In questo senso il PGT può contribuire a determinare un apporto importante ed è quindi opportuno che favorisca un maggior riconoscimento della questione lavoro lanciando un forte segnale alla città di grande apertura per il mantenimento e la crescita delle attività imprenditoriali pubbliche e private nel contesto di scelte sostenibili con il territorio in primo luogo senza il consumo di suolo bene scarso e non riproducibile. È una questione politica rilevante, anche sotto l’aspetto della fiducia nella crescita, cercare di far intendere che su questo impegno l’amministrazione c’è e intende salvaguardare il lavoro, l’occupazione, il destino delle famiglie, dei giovani e delle donne.

In particolare dopo la dismissione delle produzioni manifatturiere impostate sul modello fordista c’è stato un ritardo nel riconoscere i processi socio economici che spontaneamente e a pioggia si sono riprodotti in città e pertanto occorre ricostruire lo spazio delle idee per condurle a sistema, potenziare e sviluppare sia il settore manifatturiero che le moderne produzioni riguardanti beni e servizi, economia della conoscenza e del sapere, il design e la moda, finanza, cultura, turismo e affari, non dimenticando le attività artigianali e commerciali il cui servizio di prossimità è essenziale per il loro ruolo rilevante di cucitura sociale.

Il PGT rappresenta una opportunità per la competitività e l’innovazione in un mercato nel quale si riconosca al lavoro un fondamento adeguato come fattore di risposta alla crisi, altrimenti di cosa stiamo parlando. Di immaginari numeri di residenti o di argomenti seri? Ma il lavoro non basta. Per vivere e sopravvivere occorre il rispetto della natura. “Si presta poca attenzione ai limiti che la natura pone allo sviluppo. Vi sono evidenze drammatiche sui rischi che l’ecosistema sta correndo, per il solo effetto di uno sviluppo economico che è ancora limitato a una parte del pianeta.”.(Thomas L.Friedman, Caldo, piatto e affollato, Mondadori, 2009).

È evidente che il territorio in questi ultimi vent’anni si è sviluppato a Milano caso per caso, area per area, avvallando operazioni immobiliari fondate solo sulla massima remunerazione degli interventi fuori da un impianto urbanistico concertato: valgano come brucianti esempi le trasformazioni delle aree industriali dismesse avvenute senza un disegno organico, la città riempita di edifici terziari rimasti vuoti, per tacere di pessime espansioni chiacchierate come il complesso ospedaliero mezzo condonato del San Raffaele (a proposito: l’ufficio condono è sempre affollato); questo è stato uno sviluppo disordinato spinto da leggi deregulation che hanno sostituito la pianificazione con atti dovuti autorizzando in pratica i singoli progetti a priori.

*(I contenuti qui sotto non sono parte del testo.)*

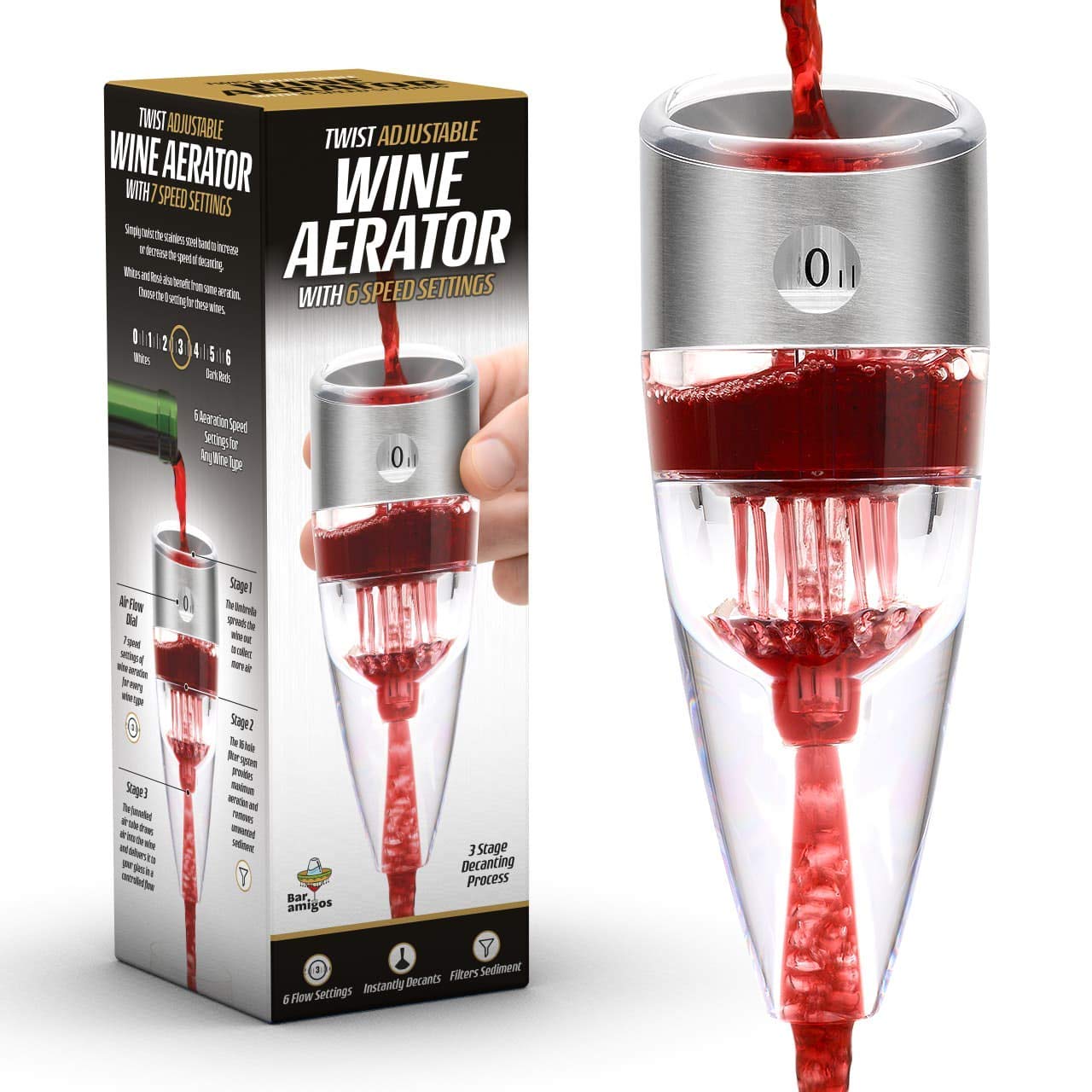 CKB LTD Bar Amigos Twist Adjustable Wine Aerator with 6 Speed Settings for Red & White Wine Drinking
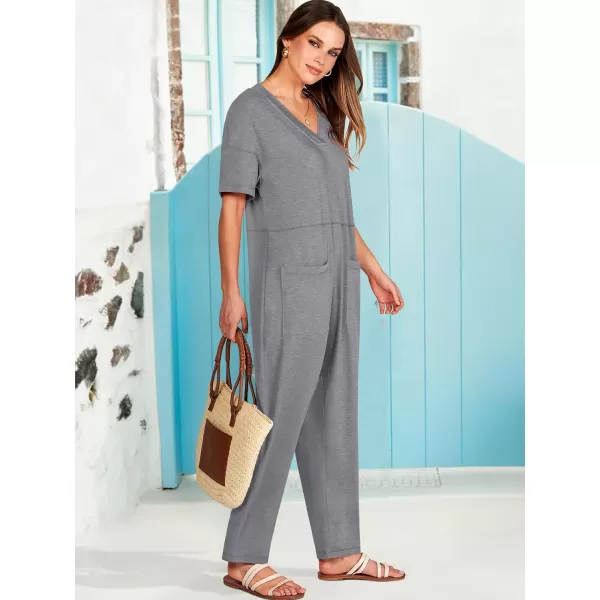 imageANRABESS Jumpsuits for Women 2024 Summer Casual Pajamas Short Sleeve V Neck Harem Pants Onesie Rompers with PocketsGray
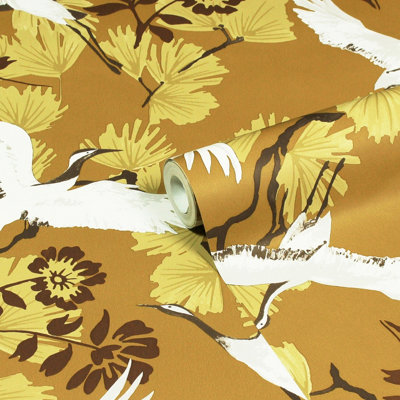Furn. Demoiselle Mustard Yellow Botanical Printed Wallpaper from B&Q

Occorre che le redini programmatiche degli interventi tornino in mano alla regia pubblica, sicuramente con una normativa meno vincolistica ma capace di respingere le sirene incantatrici che prefigurano quartieri da favole (appunto) e con l’obiettivo di guidare l’insieme dello sviluppo, non avendo solo come bussola la rendita fondiaria, azione privilegiata dalla vecchia Giunta. Quante feste e inaugurazioni si sono tenute a Santa Giulia? Quante paginate di mera propaganda? È questo il punto. Sviluppo in una città antropizzata non significa intensificare il ciclo del mattone massimizzando le potenzialità edificatorie, come era evidente nel precedente PGT adottato; così si accontenta una parte degli attori, quella già grassa di suo. Se così fosse che paesaggio urbano avrà di fronte agli occhi la gente tra vent’anni e come sarà definito: “Ecco la Milano di Pisapia”?

Il PGT modificato ha un senso se fa proprio il concetto di uno sviluppo inteso a favorire la sostenibilità sociale e ambientale. La sovrabbondanza di offerta, l’invenduto, gli edifici vuoti, inducano a sobrietà: si abbassino gli indici edificatori e si approvino buoni e normali progetti senza che l’edilizia sociale sia un alibi per allargarsi. Di più. La liberalizzazione delle destinazioni funzionali (purché fra loro compatibili) crea una concorrenza di mercato in cui soccombe l’uso del suolo meno redditizio e cioè in genere quello non dedicato alla libera residenza di lusso. Per rilanciare lo sviluppo occorre che si riservi al produttivo un proprio spazio d’azione anche con regole agevolate mirate allo scopo di attrarre investimenti e lavoro con l’obbiettivo di un programma inteso a marcare la priorità della crescita economica contro la crisi e la recessione.

Purtroppo in questo senso non aiuta la legge regionale n. 12 del 2005, i cui articoli hanno già subito quasi 200 modifiche secondo spinte di bassa lega, una legge di procedure, complessa, omnibus, ipertrofica, che necessita di una decisa sforbiciata per essere più dedicata ai temi della qualità delle nuove questioni urbane. Una legge a cui TAR, Consiglio di Stato e Corte Costituzionale ogni tanto tagliano un pezzo. Una legge che risente della mancanza di una efficace e moderna cornice nazionale di coordinamento (ancora datata 1942!). Una legge che con l’introduzione dei PGT doveva snellire i PRG, solo che prima il PRG ci stava in tasca ora per il PGT ci vuole il carrello. Una legge che doveva semplificare le norme ma che i cittadini non riescono a comprendere senza ricorrere a un consulente giuridico: “Vigilantibus non dormientibus iura succurrunt”. La legislazione regionale del PGT e dei suoi corollari comporta una dimensione gigantesca dello strumento.

Si impone la necessità di conseguire una stesura più semplice e snella magari lasciando fuori le ricerche di dettaglio. Occorre agire nel senso di privilegiare più che mai in questo momento la questione lavoro e la questione ambiente convincendoci che sono questi sono i temi prioritari sui quali concentrarsi più che su programmi che non hanno risorse a supporto. Plastici, rendering e slides di fantastici e avveniristici colorati scenari per ora lasciamoli ai convegni e alla spettacolarizzazione mercantile, vedasi le cartoline illustrate dei vari Garibaldi / Repubblica, Citylife, Cascina Merlata ed Expo.

Lavoro, occupazione, economia, mercato, disagio sociale, non hanno in agenda T rovesciate ed Epicentri, NIL, Rotonde dell’arte e Raggi Verdi, più che utili scenari ma che possono, devono, essere svincolati dal PGT ed eventualmente accompagnare lo strumento anche come allegati senza diventare condizionanti come le vecchie B2 ed i suoi PIO, quando redatti. Semplicemente per riprendere slancio nei prossimi anni ora c’è bisogno di un progetto urbanistico liberato da anacronistiche catene che consenta alle relazioni economiche e sociali di tradurre le dinamiche di sviluppo del mercato in potenzialità reali per creare lavoro.